--- Source material Enclosed Below ---

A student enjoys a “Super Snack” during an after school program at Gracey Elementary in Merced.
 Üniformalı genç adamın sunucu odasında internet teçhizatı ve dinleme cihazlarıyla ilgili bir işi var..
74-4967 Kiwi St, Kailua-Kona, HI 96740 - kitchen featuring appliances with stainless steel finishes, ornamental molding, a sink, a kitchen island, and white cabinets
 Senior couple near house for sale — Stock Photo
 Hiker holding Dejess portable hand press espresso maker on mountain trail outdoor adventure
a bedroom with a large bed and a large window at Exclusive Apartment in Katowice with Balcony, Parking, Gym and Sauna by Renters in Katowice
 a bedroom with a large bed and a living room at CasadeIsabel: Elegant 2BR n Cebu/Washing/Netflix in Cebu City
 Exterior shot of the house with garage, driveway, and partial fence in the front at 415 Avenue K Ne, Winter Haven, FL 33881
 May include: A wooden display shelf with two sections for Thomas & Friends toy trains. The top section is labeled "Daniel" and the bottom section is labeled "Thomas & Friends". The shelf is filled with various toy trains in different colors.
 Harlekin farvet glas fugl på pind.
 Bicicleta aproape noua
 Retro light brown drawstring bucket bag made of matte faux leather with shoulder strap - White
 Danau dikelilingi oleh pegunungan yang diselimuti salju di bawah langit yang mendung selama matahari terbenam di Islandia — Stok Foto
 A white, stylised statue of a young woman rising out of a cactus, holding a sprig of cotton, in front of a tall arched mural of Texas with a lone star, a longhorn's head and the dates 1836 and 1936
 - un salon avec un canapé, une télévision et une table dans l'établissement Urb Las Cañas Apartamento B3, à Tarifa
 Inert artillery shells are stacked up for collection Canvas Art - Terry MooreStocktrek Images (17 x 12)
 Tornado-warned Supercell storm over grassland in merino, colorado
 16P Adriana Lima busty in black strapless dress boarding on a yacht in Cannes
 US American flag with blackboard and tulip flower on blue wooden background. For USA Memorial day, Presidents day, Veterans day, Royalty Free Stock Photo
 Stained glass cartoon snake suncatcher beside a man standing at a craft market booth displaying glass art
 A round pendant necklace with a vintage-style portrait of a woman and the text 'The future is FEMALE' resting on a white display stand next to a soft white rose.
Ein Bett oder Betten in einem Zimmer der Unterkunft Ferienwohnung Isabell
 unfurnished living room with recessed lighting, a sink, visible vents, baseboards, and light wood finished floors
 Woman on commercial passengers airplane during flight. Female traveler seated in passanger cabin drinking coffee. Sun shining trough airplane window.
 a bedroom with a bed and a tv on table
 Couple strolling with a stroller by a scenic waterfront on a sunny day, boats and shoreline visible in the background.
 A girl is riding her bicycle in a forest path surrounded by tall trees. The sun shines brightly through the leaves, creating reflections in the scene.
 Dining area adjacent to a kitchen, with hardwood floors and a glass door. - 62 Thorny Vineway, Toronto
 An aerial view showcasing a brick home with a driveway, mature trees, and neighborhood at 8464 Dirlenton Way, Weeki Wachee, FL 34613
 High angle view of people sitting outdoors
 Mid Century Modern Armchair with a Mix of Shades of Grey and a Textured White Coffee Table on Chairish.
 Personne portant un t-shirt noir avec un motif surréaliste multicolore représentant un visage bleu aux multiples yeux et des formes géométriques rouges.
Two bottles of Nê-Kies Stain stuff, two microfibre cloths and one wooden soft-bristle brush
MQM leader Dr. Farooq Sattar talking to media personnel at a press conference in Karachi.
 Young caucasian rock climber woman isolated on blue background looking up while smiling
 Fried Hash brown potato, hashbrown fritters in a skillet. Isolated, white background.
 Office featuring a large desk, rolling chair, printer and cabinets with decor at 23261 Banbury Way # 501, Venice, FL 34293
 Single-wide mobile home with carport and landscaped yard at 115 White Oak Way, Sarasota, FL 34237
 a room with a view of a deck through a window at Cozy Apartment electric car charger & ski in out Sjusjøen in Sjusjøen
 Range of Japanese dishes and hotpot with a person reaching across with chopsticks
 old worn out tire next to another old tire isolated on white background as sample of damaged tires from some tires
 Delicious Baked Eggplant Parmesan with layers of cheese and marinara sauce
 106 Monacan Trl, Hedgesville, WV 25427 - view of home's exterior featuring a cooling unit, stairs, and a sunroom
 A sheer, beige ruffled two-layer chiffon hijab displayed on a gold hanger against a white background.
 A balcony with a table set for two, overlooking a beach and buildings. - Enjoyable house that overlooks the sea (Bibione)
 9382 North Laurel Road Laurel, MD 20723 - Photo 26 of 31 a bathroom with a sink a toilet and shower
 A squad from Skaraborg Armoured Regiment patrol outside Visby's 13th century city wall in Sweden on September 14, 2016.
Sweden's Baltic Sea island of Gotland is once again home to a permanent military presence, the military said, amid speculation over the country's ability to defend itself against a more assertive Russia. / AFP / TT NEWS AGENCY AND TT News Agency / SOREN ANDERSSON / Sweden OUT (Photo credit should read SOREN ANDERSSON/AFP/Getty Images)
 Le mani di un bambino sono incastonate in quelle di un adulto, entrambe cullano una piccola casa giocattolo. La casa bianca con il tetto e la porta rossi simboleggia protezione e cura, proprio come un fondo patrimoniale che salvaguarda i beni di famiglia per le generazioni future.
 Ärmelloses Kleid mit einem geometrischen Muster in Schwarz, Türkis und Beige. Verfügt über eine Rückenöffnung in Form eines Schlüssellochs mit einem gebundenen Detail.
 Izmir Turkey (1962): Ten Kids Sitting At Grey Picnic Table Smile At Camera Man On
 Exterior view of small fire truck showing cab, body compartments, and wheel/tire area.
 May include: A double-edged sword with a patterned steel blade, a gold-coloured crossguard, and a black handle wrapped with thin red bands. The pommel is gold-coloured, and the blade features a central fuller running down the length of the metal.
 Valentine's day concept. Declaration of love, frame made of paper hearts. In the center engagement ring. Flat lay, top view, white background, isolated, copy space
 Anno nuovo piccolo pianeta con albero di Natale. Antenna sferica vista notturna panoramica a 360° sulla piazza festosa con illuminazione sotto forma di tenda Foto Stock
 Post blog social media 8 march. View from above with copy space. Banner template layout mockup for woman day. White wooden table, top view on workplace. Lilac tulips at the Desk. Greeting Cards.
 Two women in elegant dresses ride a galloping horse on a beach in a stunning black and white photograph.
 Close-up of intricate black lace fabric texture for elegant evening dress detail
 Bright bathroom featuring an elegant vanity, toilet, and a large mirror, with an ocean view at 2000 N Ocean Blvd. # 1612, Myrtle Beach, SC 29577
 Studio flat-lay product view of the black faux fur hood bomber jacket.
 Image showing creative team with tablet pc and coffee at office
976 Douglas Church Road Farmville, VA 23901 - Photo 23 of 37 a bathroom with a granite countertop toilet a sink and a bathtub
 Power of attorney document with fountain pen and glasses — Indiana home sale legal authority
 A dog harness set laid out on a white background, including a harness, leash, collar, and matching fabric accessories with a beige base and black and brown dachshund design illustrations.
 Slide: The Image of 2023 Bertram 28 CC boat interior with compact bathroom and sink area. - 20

--- End of Enclosed Source material ---

Among the entries above, copy exactly only the lines starting with the one containing "Couple strolling with" and going through the one containing "An aerial view", both ends included.

 Couple strolling with a stroller by a scenic waterfront on a sunny day, boats and shoreline visible in the background.
 A girl is riding her bicycle in a forest path surrounded by tall trees. The sun shines brightly through the leaves, creating reflections in the scene.
 Dining area adjacent to a kitchen, with hardwood floors and a glass door. - 62 Thorny Vineway, Toronto
 An aerial view showcasing a brick home with a driveway, mature trees, and neighborhood at 8464 Dirlenton Way, Weeki Wachee, FL 34613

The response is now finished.